# Why $K = F[x]/(f(x))$ contains a root of $f(x)$, an irreducible polynomial

A theorem states that given an irreducible polynomial $f(x) \in F[x]$, the field $K = F[x]/(f(x))$ contains a root $\alpha$ of f(x).

The proof says that if we let $\alpha = \overline{x} \in F[x]/(f(x))$ then $f(\alpha) = \overline{f(x)} = 0$ so $\alpha$ is indeed a root of $f(x)$ in K.

The proof is what I don't understand - how is it valid? How does setting $\alpha = \overline{x}$ work? It is clear that $\overline{f(x)} = 0$, but how does this show that there exists a root (which is a constant) of f?
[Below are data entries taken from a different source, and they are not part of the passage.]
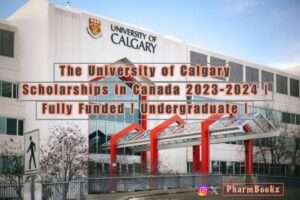 University of Calgary Fully Funded Scholarship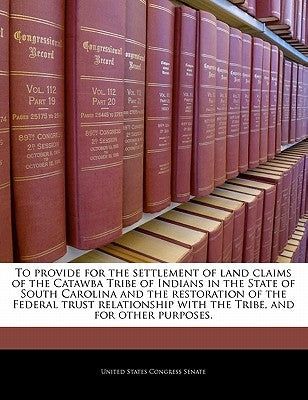 To Provide for the Settlement of Land Claims of the Catawba Tribe of Indians in the State of South Carolina and the Restoration of the Federal Trust R by United States Congress Senate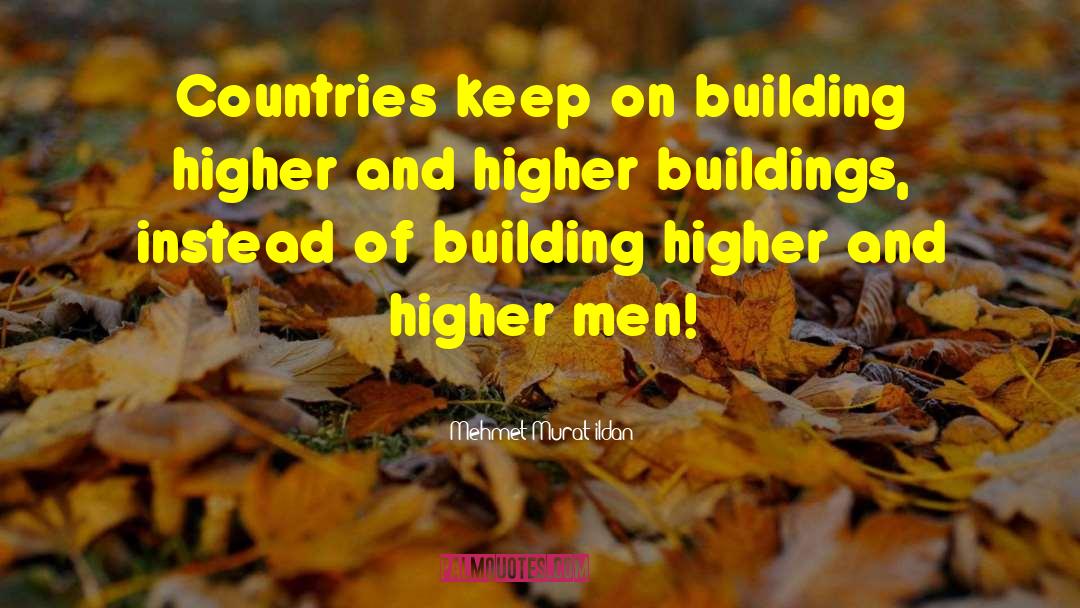 Higher Goals quotes by Mehmet Murat Ildan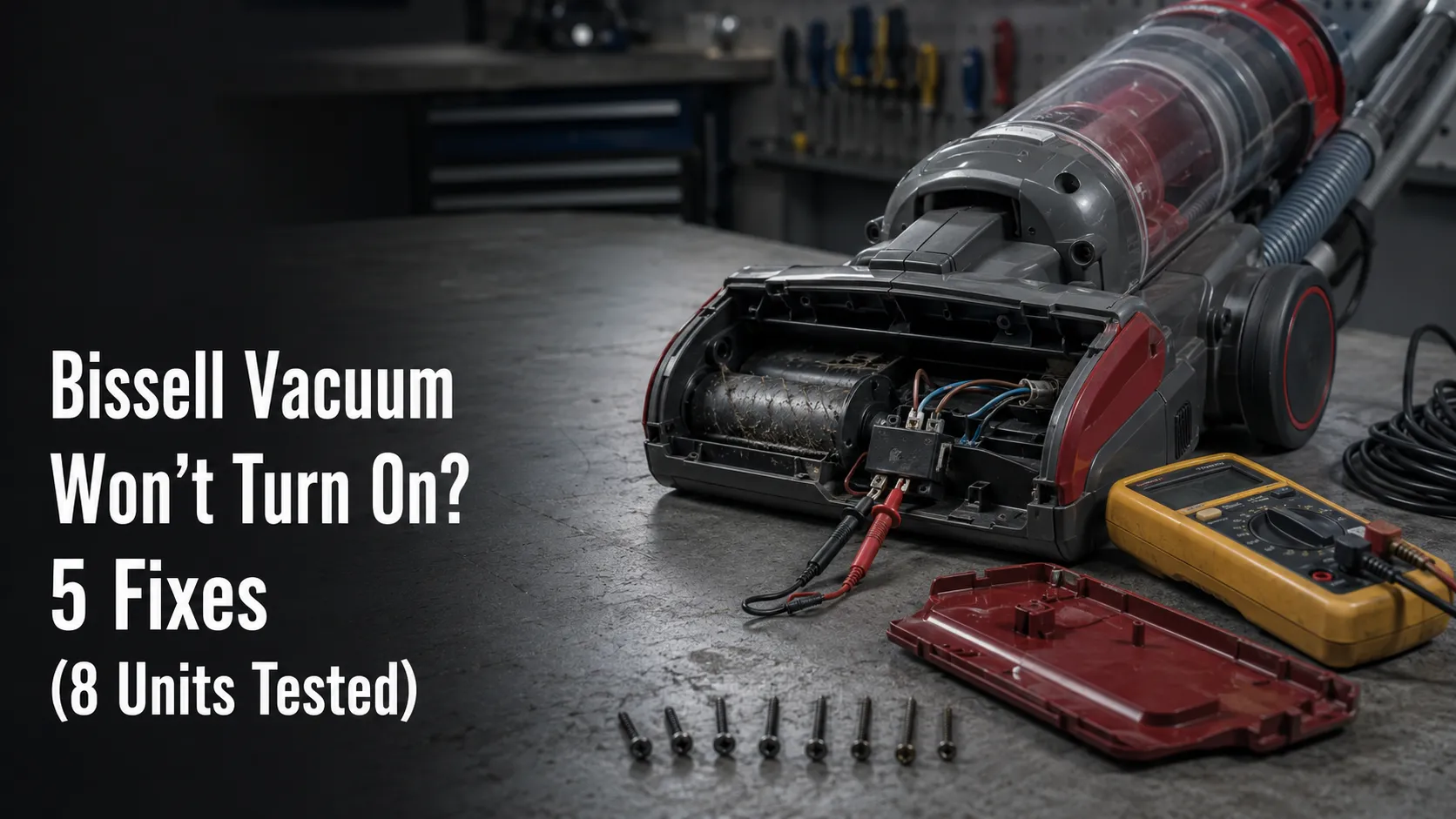 Bissell Vacuum Won’t Turn On? 5 Fixes (8 Units Tested)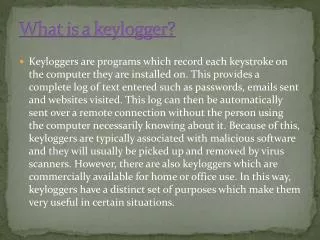 Why Keylogger?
• $\bar{x}$ means the coset of $x$ in the quotient ring $F[x]/(f)$ – Nick Mar 25 '17 at 22:14

It's the equivalence class of the monomial $x$ in the quotient ring $K=F[x]/(f)$ where basically the element $f$ will be equal to $0$.
So, $f$ had no roots in the field $F$, but we want a (necessarily bigger) field where it has at least one root. And we do it by a construction: first we adjoin a formal element to $F$ - that's how $F[x]$ enters the picture, and then we force this new element to be a root of $f$, by taking the quotient.
In formulas, suppose $f=a_0+a_1x+a_2x^2+\dots$, and taking $\alpha:=\bar x$, we will have $$f(\alpha) = a_0+a_1\bar x+a_2\bar x^2+\dots=\overline{a_0+a_1x+a_2x^2+\dots}=\overline{f}=0$$ where in the middle we used that taking the quotient respects the ring operations.
Can you catch where we use that $f$ is irreducible?
When you define the polynomial ring $K[x]$, you impose no relations on $x$: all the powers of $x$ are distinct and none of them can be expressed as a linear combination of other powers of $x$. However, there is no reason why we cannot define a different ring which is the same as $K[x]$ except for the additional condition that $x$ satisfies $f(x) = 0$: all the ring axioms are readily verified. This ring contains a root of $f$ by definition. Moving from $K[x]$ to this ring is exactly what you accomplish when you quotient by $(f(x))$.